**Data in this exercise**.
= = = = = = =

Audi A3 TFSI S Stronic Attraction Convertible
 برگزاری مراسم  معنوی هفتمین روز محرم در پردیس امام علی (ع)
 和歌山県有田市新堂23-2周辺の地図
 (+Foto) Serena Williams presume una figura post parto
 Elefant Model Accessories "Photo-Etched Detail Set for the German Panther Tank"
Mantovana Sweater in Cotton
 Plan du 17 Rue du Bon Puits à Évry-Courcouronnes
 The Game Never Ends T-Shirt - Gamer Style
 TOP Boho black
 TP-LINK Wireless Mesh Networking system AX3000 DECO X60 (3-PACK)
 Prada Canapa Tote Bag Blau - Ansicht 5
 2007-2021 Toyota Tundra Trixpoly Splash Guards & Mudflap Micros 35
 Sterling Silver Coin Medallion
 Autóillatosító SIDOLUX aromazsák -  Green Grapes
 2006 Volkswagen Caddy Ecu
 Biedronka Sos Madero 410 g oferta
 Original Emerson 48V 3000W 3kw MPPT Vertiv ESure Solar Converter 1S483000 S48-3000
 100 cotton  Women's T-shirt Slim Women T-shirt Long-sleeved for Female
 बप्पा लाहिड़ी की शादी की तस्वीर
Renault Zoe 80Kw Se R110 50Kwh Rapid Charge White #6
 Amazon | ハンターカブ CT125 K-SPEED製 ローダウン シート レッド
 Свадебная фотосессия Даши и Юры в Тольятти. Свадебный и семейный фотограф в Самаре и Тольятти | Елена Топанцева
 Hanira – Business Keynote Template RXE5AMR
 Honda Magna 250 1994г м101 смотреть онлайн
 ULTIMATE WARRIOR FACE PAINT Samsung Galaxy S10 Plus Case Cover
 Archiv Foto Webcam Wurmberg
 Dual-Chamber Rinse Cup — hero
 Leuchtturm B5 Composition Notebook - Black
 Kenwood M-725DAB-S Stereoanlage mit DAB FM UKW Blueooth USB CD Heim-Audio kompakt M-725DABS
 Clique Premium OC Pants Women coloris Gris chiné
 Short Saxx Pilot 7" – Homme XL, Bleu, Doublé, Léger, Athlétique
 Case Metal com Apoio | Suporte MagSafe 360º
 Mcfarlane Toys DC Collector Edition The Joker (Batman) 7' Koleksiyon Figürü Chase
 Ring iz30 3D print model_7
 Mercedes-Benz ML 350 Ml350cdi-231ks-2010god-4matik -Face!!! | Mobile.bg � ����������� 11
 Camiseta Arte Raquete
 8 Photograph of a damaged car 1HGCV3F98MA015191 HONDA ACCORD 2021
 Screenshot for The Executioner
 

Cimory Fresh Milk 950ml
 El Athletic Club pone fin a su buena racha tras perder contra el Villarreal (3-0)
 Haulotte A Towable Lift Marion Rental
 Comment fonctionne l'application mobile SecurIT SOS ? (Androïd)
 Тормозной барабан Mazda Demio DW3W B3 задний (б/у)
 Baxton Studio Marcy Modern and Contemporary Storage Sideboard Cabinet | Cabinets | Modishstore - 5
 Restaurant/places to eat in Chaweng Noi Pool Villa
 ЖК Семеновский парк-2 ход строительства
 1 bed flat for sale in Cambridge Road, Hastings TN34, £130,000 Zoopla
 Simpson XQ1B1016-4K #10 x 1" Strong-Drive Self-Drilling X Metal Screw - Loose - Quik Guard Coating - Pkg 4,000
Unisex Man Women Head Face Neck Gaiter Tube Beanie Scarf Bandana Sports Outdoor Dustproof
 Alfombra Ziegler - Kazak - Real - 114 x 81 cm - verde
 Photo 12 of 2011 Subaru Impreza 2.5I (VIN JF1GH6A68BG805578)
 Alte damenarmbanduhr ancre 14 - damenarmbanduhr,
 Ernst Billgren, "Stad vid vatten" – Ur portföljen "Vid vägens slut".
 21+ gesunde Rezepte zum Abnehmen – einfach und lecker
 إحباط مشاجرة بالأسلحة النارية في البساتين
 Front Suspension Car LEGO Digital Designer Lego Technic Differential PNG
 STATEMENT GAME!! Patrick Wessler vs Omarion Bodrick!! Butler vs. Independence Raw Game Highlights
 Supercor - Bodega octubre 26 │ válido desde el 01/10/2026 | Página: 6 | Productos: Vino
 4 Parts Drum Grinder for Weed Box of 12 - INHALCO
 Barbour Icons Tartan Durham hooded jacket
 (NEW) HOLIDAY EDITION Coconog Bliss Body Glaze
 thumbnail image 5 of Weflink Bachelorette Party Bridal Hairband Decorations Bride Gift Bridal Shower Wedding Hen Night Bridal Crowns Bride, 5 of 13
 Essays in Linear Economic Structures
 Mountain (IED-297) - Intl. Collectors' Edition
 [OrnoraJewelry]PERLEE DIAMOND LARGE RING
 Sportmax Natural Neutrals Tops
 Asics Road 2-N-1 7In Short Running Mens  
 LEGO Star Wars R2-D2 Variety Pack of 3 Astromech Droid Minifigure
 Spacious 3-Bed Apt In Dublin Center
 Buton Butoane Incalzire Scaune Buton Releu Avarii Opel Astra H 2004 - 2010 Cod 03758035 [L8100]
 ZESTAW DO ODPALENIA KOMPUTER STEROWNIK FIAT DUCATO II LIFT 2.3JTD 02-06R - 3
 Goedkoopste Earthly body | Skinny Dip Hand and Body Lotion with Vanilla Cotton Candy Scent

= = = = = = =

Word for word, repeat the lines from the one holding "LEGO Star Wars" through the last line of the entries, both included.

**Result below**.
 LEGO Star Wars R2-D2 Variety Pack of 3 Astromech Droid Minifigure
 Spacious 3-Bed Apt In Dublin Center
 Buton Butoane Incalzire Scaune Buton Releu Avarii Opel Astra H 2004 - 2010 Cod 03758035 [L8100]
 ZESTAW DO ODPALENIA KOMPUTER STEROWNIK FIAT DUCATO II LIFT 2.3JTD 02-06R - 3
 Goedkoopste Earthly body | Skinny Dip Hand and Body Lotion with Vanilla Cotton Candy Scent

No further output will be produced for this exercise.